Gorsuch also argued that taking a neutral stance benefits nonbelievers because those most passionate in their beliefs are prohibited from acting out their very strong beliefs whether it’s knocking on your door to hand out religious pamphlets or refusing to work in a plant making ammunition or exorcising children with coat hanger beatings and near drownings because of belief in the devil or dunking women considered witches or prohibiting birth control or abortions because they say so.  He laments that an intent to protect religion may turn into a cudgel to ensure conformity when in fact that is precisely what his side is doing – they have turned religious freedom into a sword rather than a shield. 

In the Ginsburg and Kagan dissent they point out the obvious – there was no case for the court to decide and the court violated Article III that requires a case or controversy before deciding constitutional matters.  The Supreme Court said that a state could decide to have no program at all and that is what Montana did.  So there was no case.  Yet the Court went ahead and ordered them to do what?

In the Breyer and Kagen dissent they argued that the free exercise and the establishment clauses have to be taken together to avoid religiously based discord and yet secure liberty for all faiths and none.  This decision does the opposite by inflicting a rigid application of strict scrutiny on the free exercise clause and entangling government in religion.   

They cover the history of discord and division from the existence of state funding for religious teaching and argue that is why the government has to be strictly neutral. They also argue that from the founding of the country taxpayer supported religious indoctrination was seen as a threat to individual liberty. They pointed out the history of Madison and Jefferson and the Virginia religious establishment law. Jefferson considered it sinful and tyrannical to force a person to support a religion which s/he disbelieves. The  founding generation, including George Washington, Patrick Henry, and John Marshall, supported Virginia’s Assessment Bill not to tax citizens for a particular religion.

The court does not balance the right of those who choose not to fund religious education, elevating the right of those who do. They also point out the foolishness of the “status” versus “doing” argument by asking what in fact does a religious school do but teach religion. That is why the parents have chosen to send their children there.

As they point out, the Montana law did not punish religious exercise – they chose not to subsidize schools that teach religion. Choosing not to subsidize a fundamental right, such as marriage or voting for example, does not infringe on the right.  However this decision may be laying the groundwork for an attack on public funding of public schools by saying that it is harmful for religious schools not to get their fingers into that public taxpayer money.

The Sotomayor dissent was equally scathing.  As she said, the state supreme court had already ended the program on state law grounds and there was no federal question to be answered.  Not only did the Supreme Court violate Article III, it is clear that they are engaged in judicial activism by reaching hard for this tenuous case and turning it into a vehicle they can use to destroy the wall of separation between church and state. 

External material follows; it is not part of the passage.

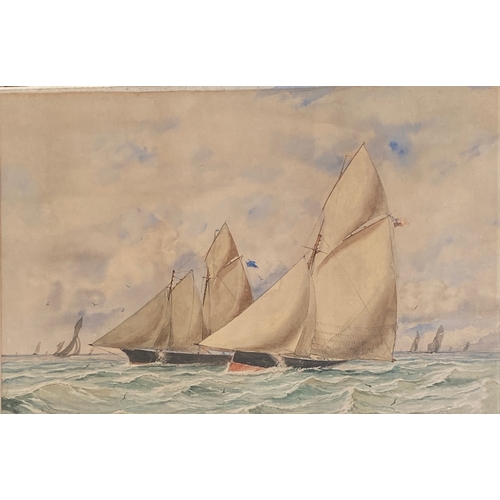 289 - Attributed to William Edward Atkins (British, 1842-1910), Yachts racing in the solent off the Isle o...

After wrongfully taking the case, they wrongly decided it. This is the first time the court is requiring a state to provide funds to a church in clear violation of the First Amendment, precedent, history, and the long supported separation of church and state. The Supreme Court held that because the state did not benefit religious exercise, they are compelled to do so. It is the first time the court orders that public funds must be used to pay for religious education. And it is wrong. The government is not obligated to fund a right e.g. I have a right to free speech but the government is not obligated to pay for my megaphone or website, allegedly I have a right to carry a gun but the government is not obligated to buy me one.  But with this decision, because I have a right to free exercise of my religion, the state is obligated to pay for my children’s schooling. As Sotomayor says, the ruling is perverse.  It turns the amendment on its head and mandates the state pay for someone to exercise their religion.  That was never its intent.